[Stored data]
[Start of Attachment]

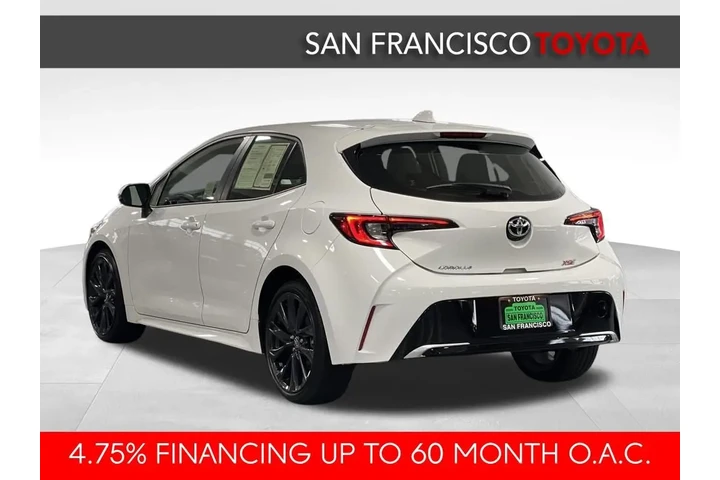 $27588 : Gold Certified 2025 Corolla H image 3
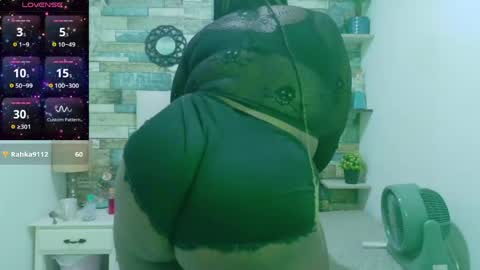 skyler_naomi online show from April 22, 2:46 pm
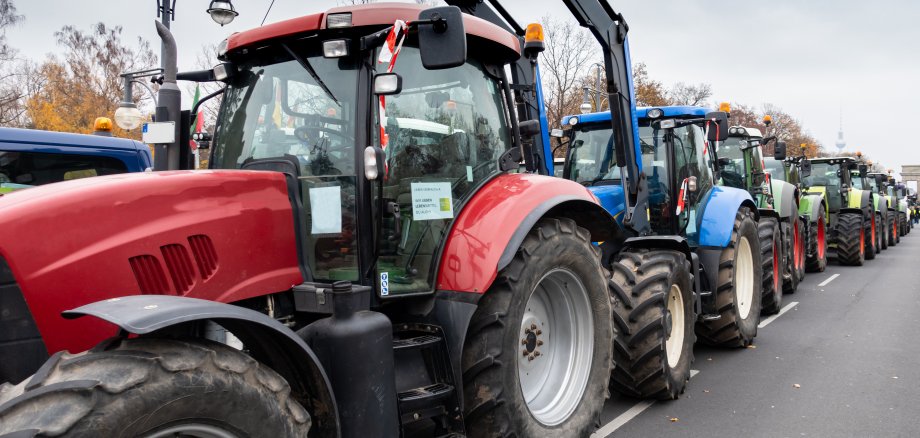 Landwirte demonstrieren mit Traktoren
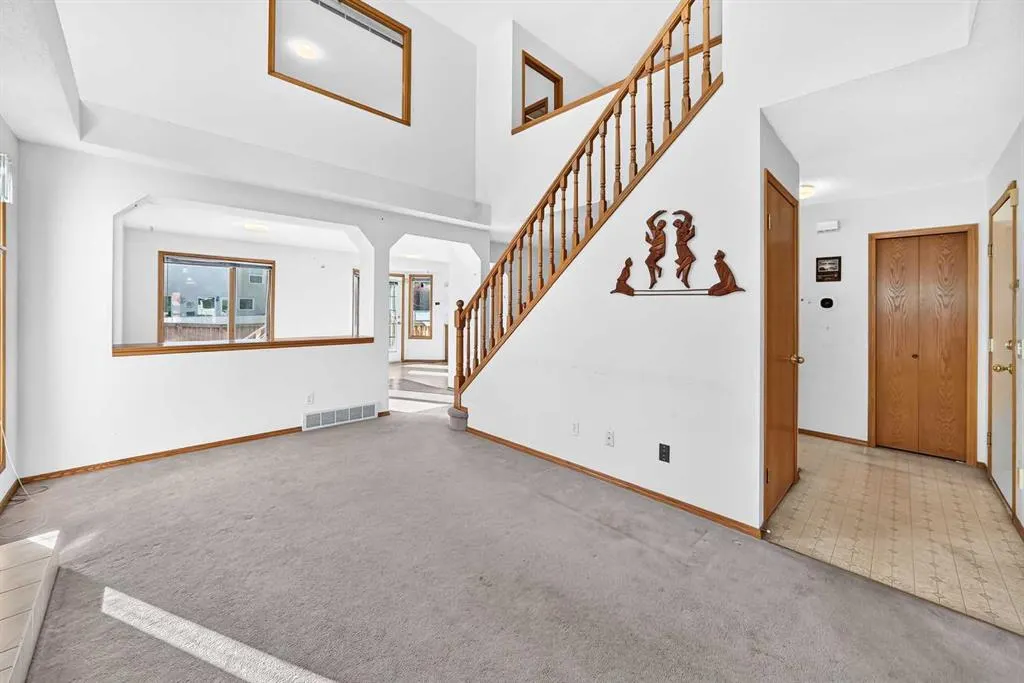 66 Harvest Oak Crescent NE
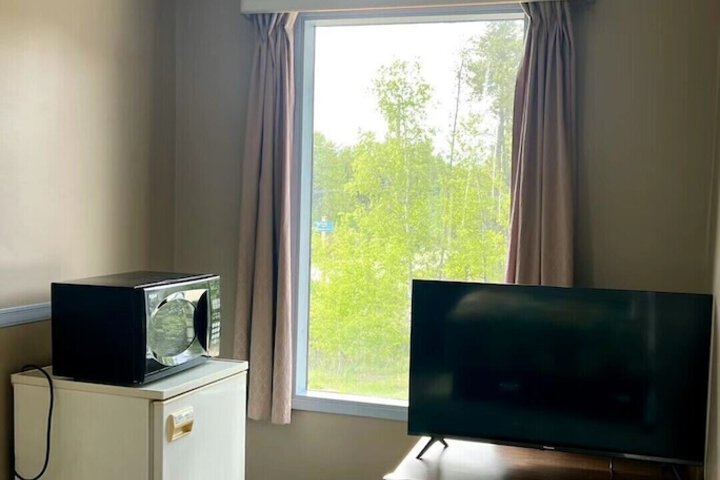 Room 7 of 9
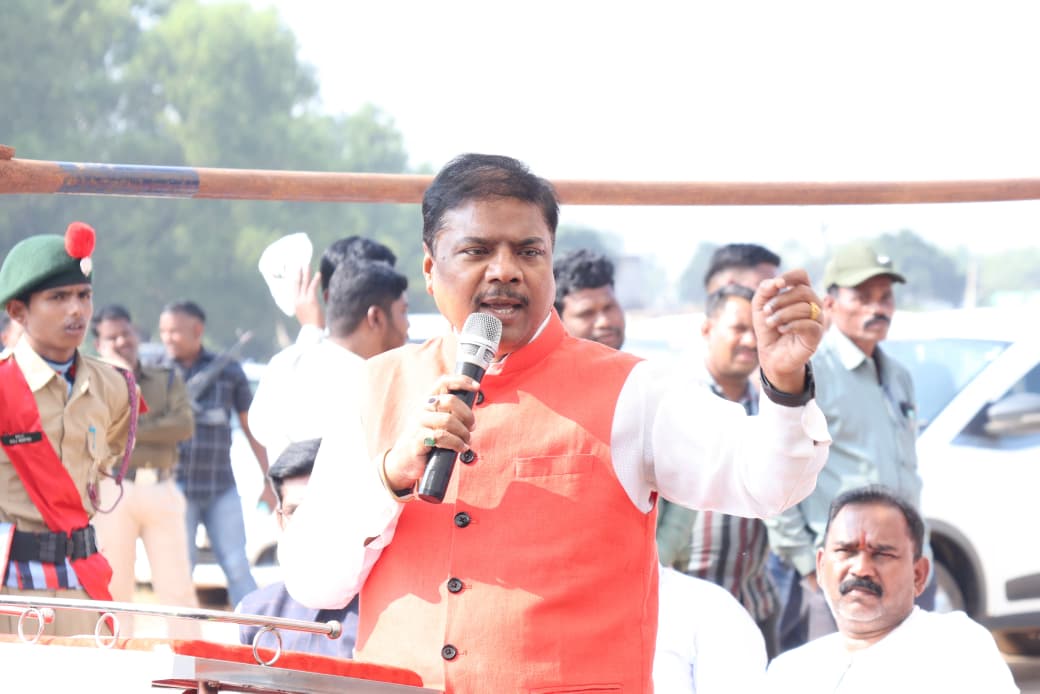 वन मंत्री कश्यप से एसईसीएल के सीएमडी ने की सौजन्य भेंट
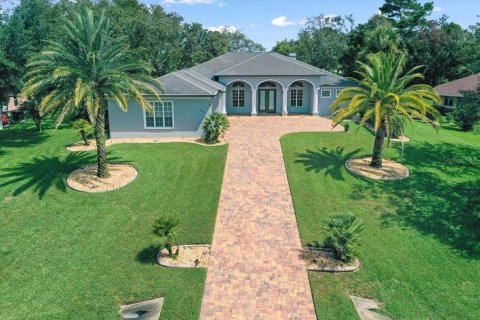 House in Weeki Wachee, Florida 3 bedrooms, 219.62 sq.m. № 1882825 - photo 1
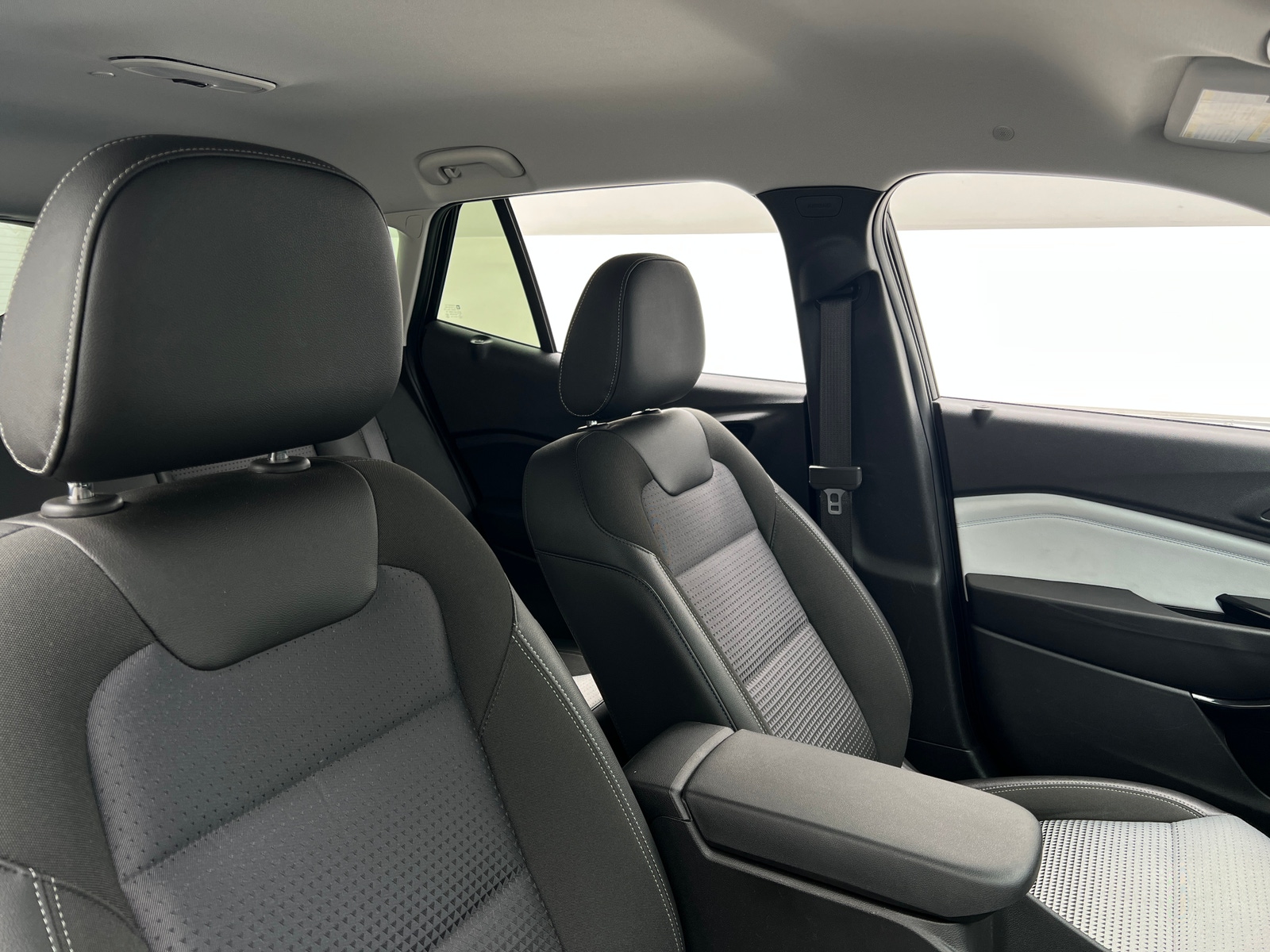 Thumbnail: 2025 Chevrolet Trax - 2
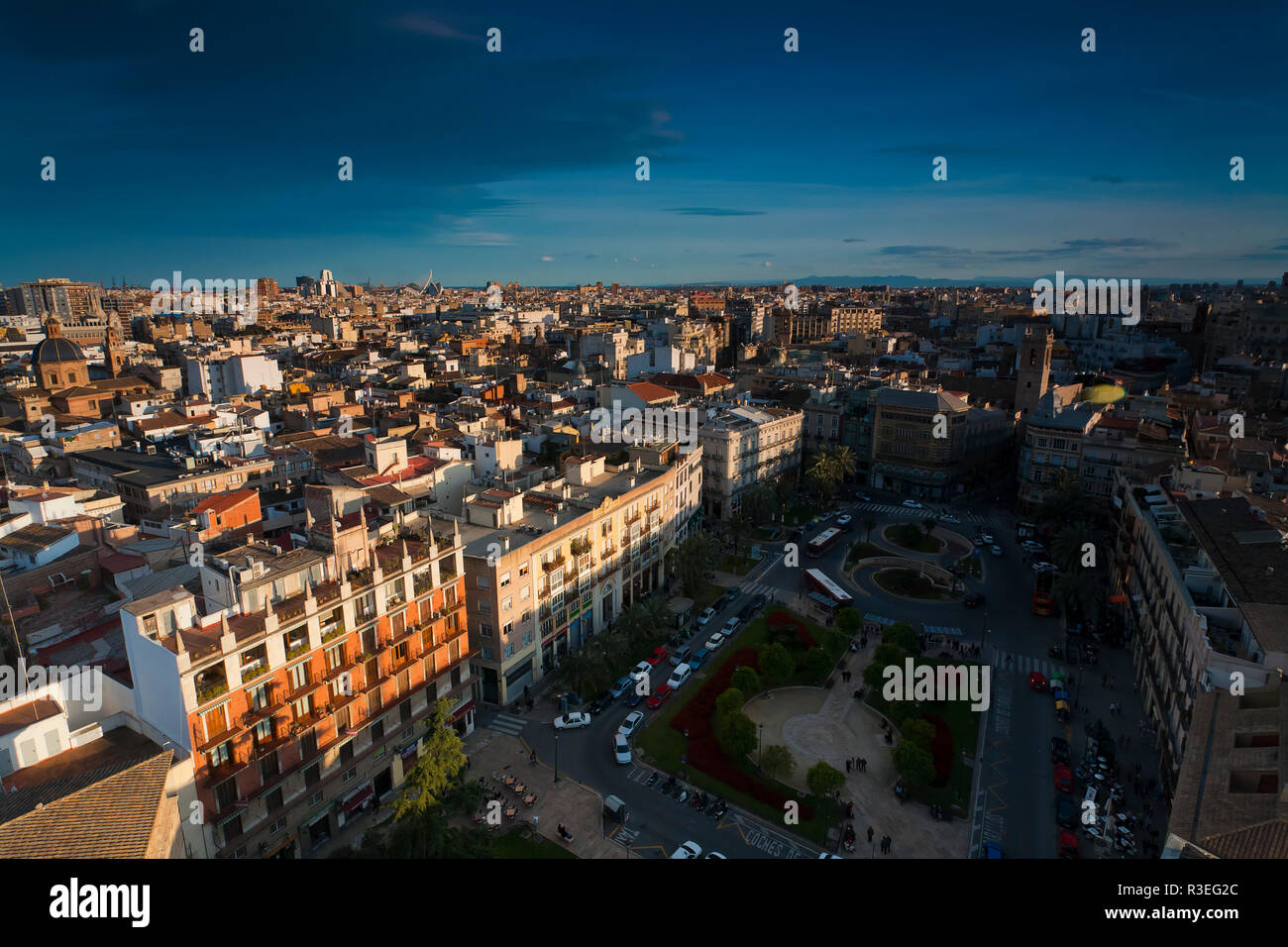 Belle vue sur le coucher de soleil sur les toits de la vieille ville de Valence El Micalet, Espagne Banque D'Images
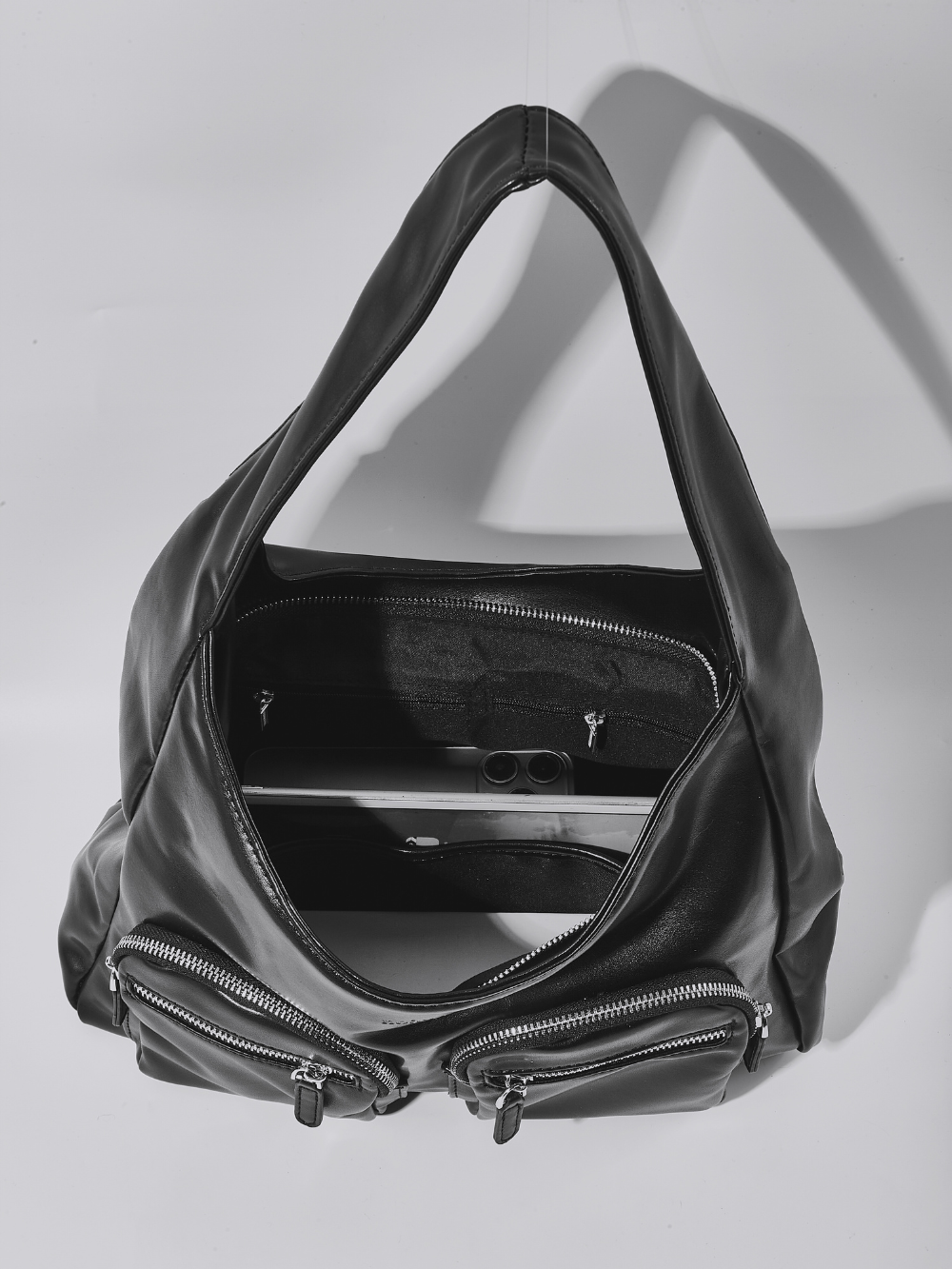 Vera – Vegan Leather Shoulder Bag with Dual Pockets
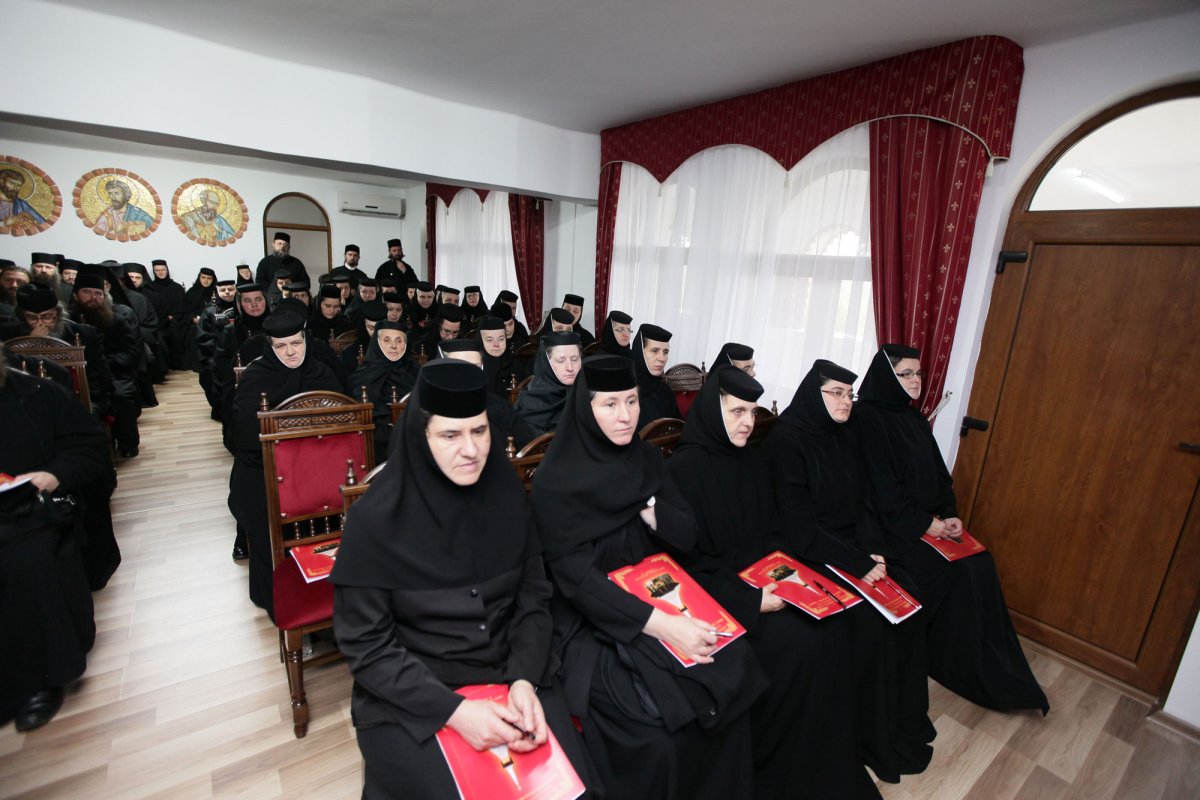 Sinaxă mitropolitană la Mănăstirea Scărişoara Nouă 50701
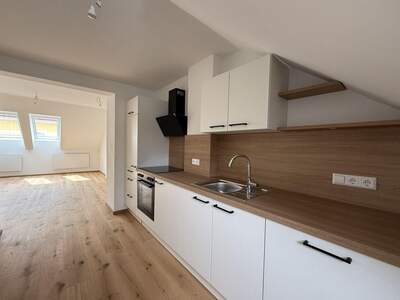 Altbauwohnung mieten in 8020 Graz (Bild 1)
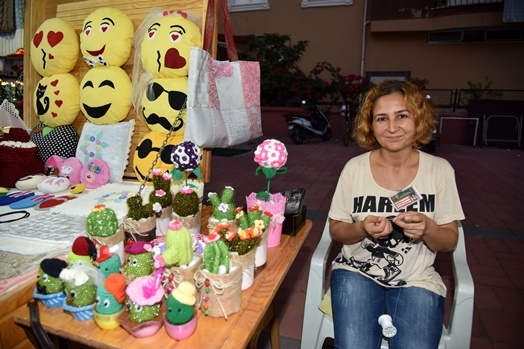 Ev Kadınları El Sanatları Sokağı'nda 1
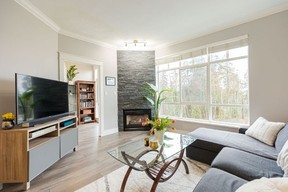 This one-bedroom, one-bathroom North Vancouver apartment was listed for $468,000 and sold for $517,480.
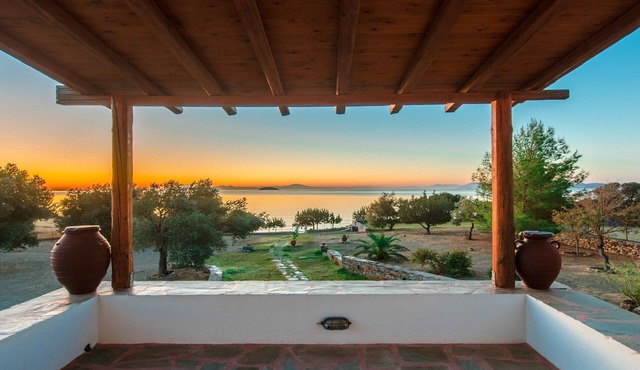 Theonis Villas, 30 meters from the beach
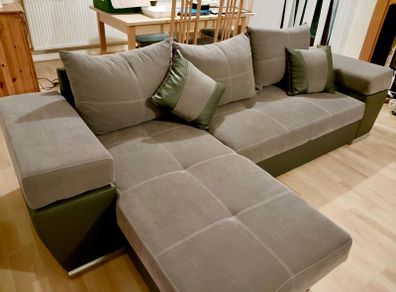 Corner couch unit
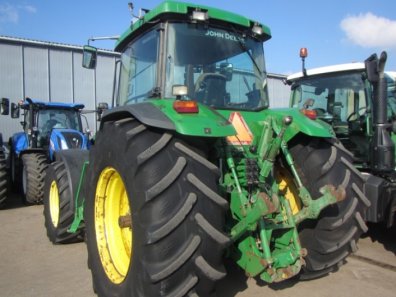 John Deere 8310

[End of Attachment]

◆ WHAT YOU WILL DO: Each line from the one holding "Sinaxă mitropolitană la" to the end of the records above must be copied exactly; the pictures must not be copied.

◆ SOLUTION TO THE EXERCISE:
 Sinaxă mitropolitană la Mănăstirea Scărişoara Nouă 50701
 Altbauwohnung mieten in 8020 Graz (Bild 1)
 Ev Kadınları El Sanatları Sokağı'nda 1
 This one-bedroom, one-bathroom North Vancouver apartment was listed for $468,000 and sold for $517,480.
 Theonis Villas, 30 meters from the beach
 Corner couch unit
 John Deere 8310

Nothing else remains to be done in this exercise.